Raise your hand if you don’t know anyone who’s had cancer, a heart attack or a stroke.
No hands at all? No surprise. The American Heart Association estimates nearly 86 million Americans are living with cardiovascular disease. Heart disease is the No. 1 killer of women, taking more lives than all forms of cancer combined. And the American Cancer Society estimated nearly 1.7 million new cancer cases would be diagnosed last year.
But it’s not all gloom and doom: More of us are surviving. More than 75% of patients now survive a first stroke, and half live beyond 5 years. And death rates are declining for all four of the most common cancer types: lung, colorectal, breast and prostate.

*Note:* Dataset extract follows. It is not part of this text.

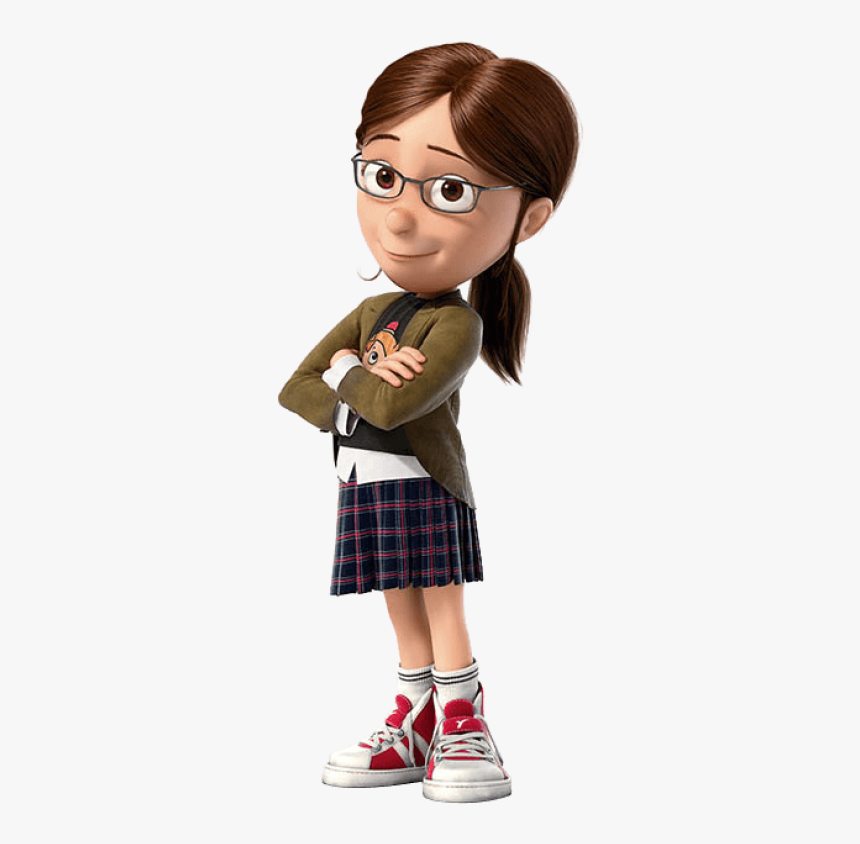 Margo From Despicable Me, HD Png Download, Free Download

Sorry, we’re not done with the bad news yet. The treatment costs for critical illnesses can be staggering. Surgery can range from $14,000 to $57,000, followed by chemotherapy or radiation therapy at about $10,000 a month. Drugs are taking a lot of the blame for the high treatment tab, some costing well over $100,000 a year. Meanwhile, the American Heart Association says the direct and indirect costs of cardiovascular disease — including health costs and lost productivity — total nearly $317 billion.
Your health insurance will help, but it doesn’t cover everything. Out-of-pocket expenses can include copayments, deductibles, out-of-network treatments and home health care needs. Then there are what some call the “hidden costs,” such as lodging and meals when traveling for treatments, gas and parking during visits to appointments, child care, or help with chores such as housecleaning, yard work, cooking or errands. And if you lose income while you’re unable to work, you could have a tough time paying for everyday living expenses including mortgage or rent, utilities and food.
“A typical major medical plan will cover many of the health-related expenses imposed by a serious illness, but treating these illnesses is expensive,” said Simon Milazzo, products manager at employee benefits provider Unum. “Some out-of-pocket expenses are predictable, like deductibles and copayments, but others may be unexpected and have a significant financial impact.”
How critical illness insurance can help
Never heard of it? You’re not alone. Critical illness insurance has been around for decades, but still isn’t widely understood.
Critical illness insurance complements your major medical coverage by paying a lump-sum amount — typically from $5,000 to $100,000 depending on the coverage you buy — if you’re diagnosed with a covered illness. Those illnesses may include heart attack, stroke, end-stage renal failure, coronary artery bypass surgery, major organ failure and sometimes cancer.
Added bonus: You don’t have to get sick to take advantage of your critical illness insurance. Many plans include a wellness benefit that pays you a set amount — $50 to $150 is typical — when you get a covered health screening, such as a mammogram, colonoscopy or x-ray. These tests can help in early detection to help prevent more serious illness from developing.
Many employers offer critical illness insurance as part of their benefits package on a voluntary basis. That means you choose and pay for it yourself, but because it’s offered at work in a group setting, it’s often more affordable than you might expect. If your employer doesn’t offer critical illness insurance now, you can ask them to add it.